### What the task requires
Leaving every image behind, reproduce the records word for word.

### Information supplied
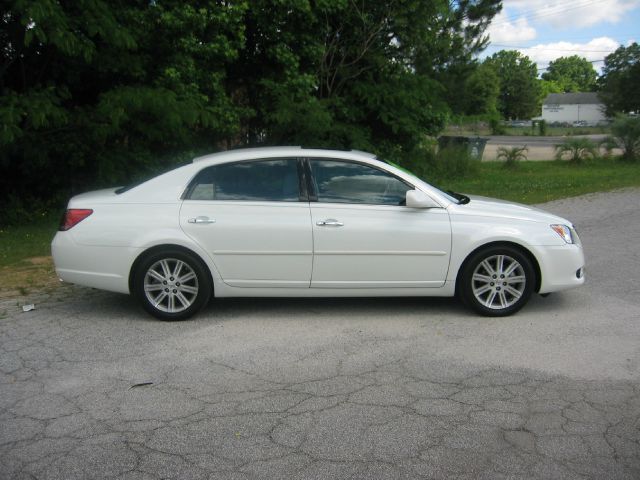 2008 Toyota Avalon SLT 25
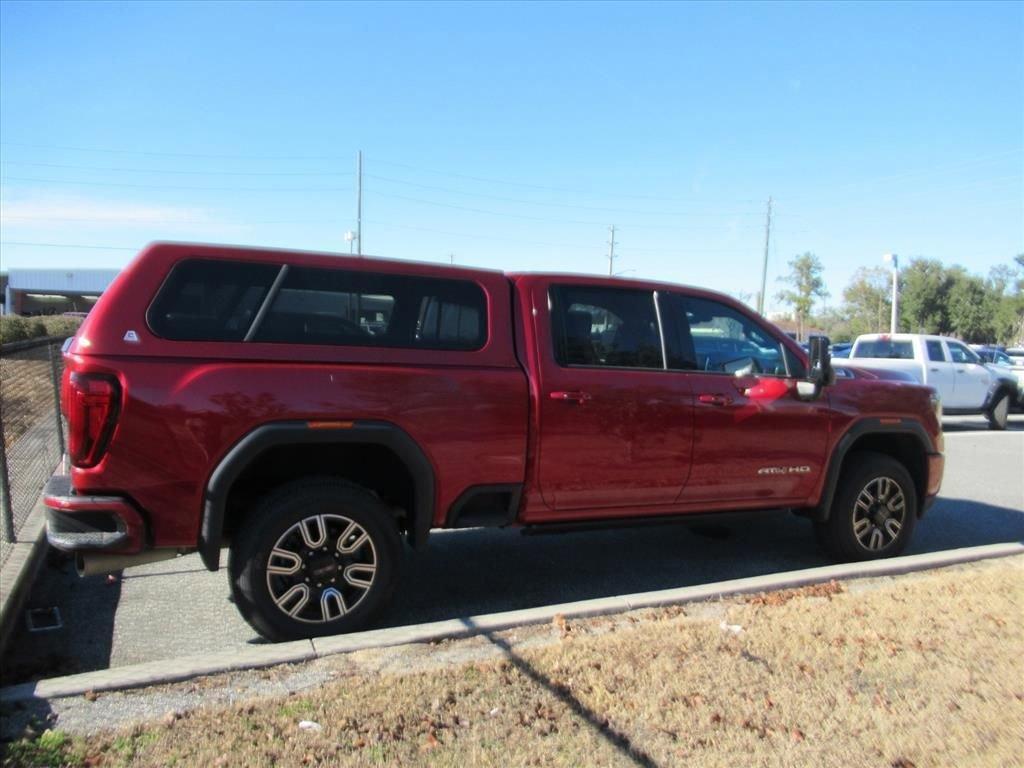 used 2023 GMC Sierra 2500 car, priced at $59,995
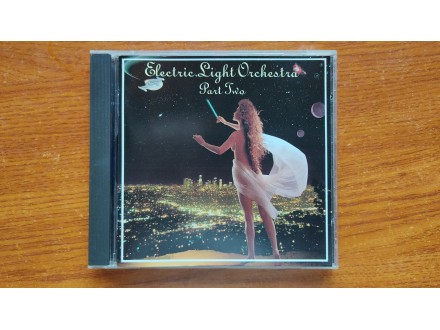 Electric Light Orchestra Part Two ‎/ disk: 5 mint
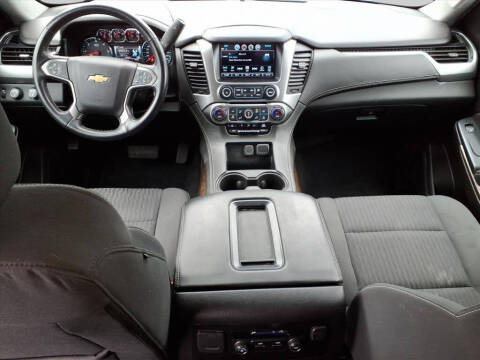 2020 Chevrolet Tahoe LS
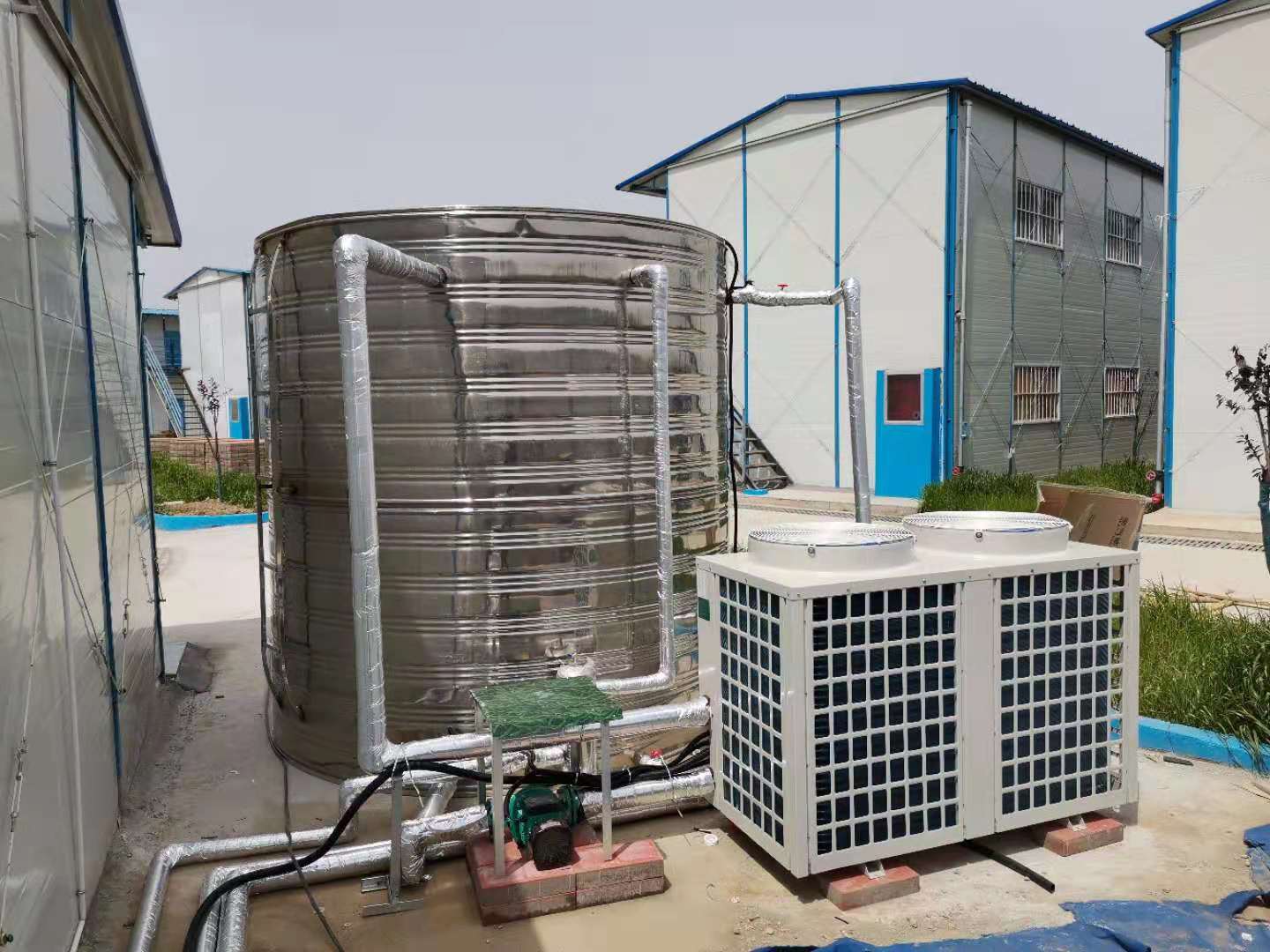空氣能熱水器用水量是怎么計(jì)算的？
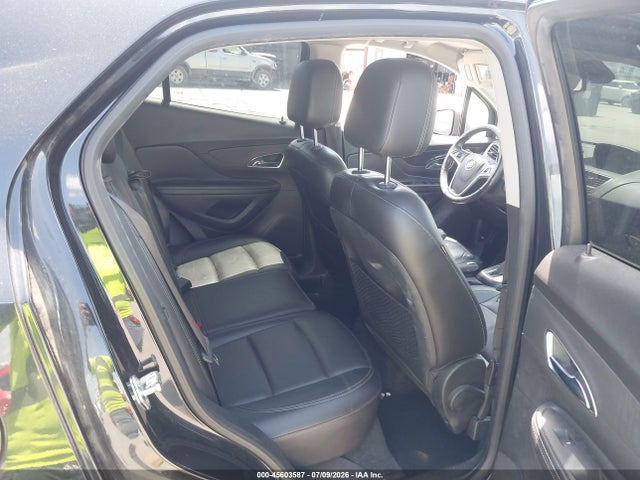 Aukcja sprzedaży 2014 Buick Encore Leather, vin: KL4CJCSB4EB642379, numer aukcji: 45603587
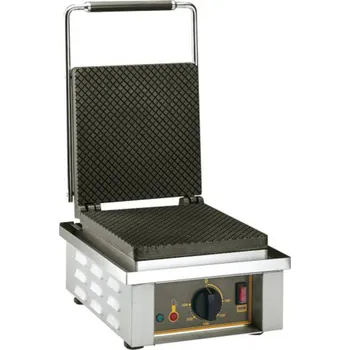 Vaflovač ROLLER GRILL International VAFLOVAČ ELEKTRICKÝ GED 40 - DVOJITÝ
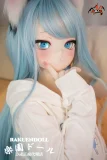 MOZU DOLL 【S級】141cm バスト大 薄荷ヘッド ダッチワイフ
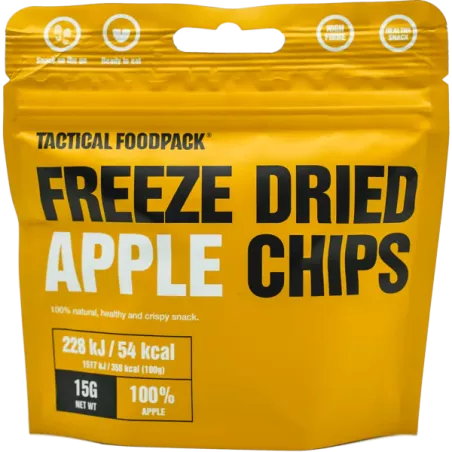 Apples - Freeze-dried fruit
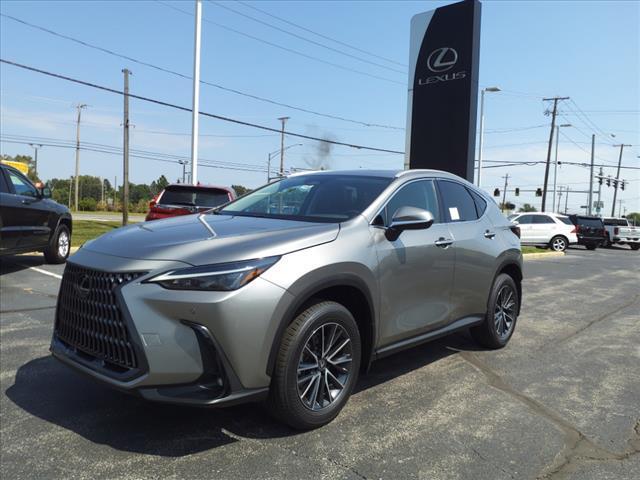 new 2025 Lexus NX 350 car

### Solution
 2008 Toyota Avalon SLT 25
 used 2023 GMC Sierra 2500 car, priced at $59,995
 Electric Light Orchestra Part Two ‎/ disk: 5 mint
 2020 Chevrolet Tahoe LS
空氣能熱水器用水量是怎么計(jì)算的？
 Aukcja sprzedaży 2014 Buick Encore Leather, vin: KL4CJCSB4EB642379, numer aukcji: 45603587
 Vaflovač ROLLER GRILL International VAFLOVAČ ELEKTRICKÝ GED 40 - DVOJITÝ
 MOZU DOLL 【S級】141cm バスト大 薄荷ヘッド ダッチワイフ
 Apples - Freeze-dried fruit
 new 2025 Lexus NX 350 car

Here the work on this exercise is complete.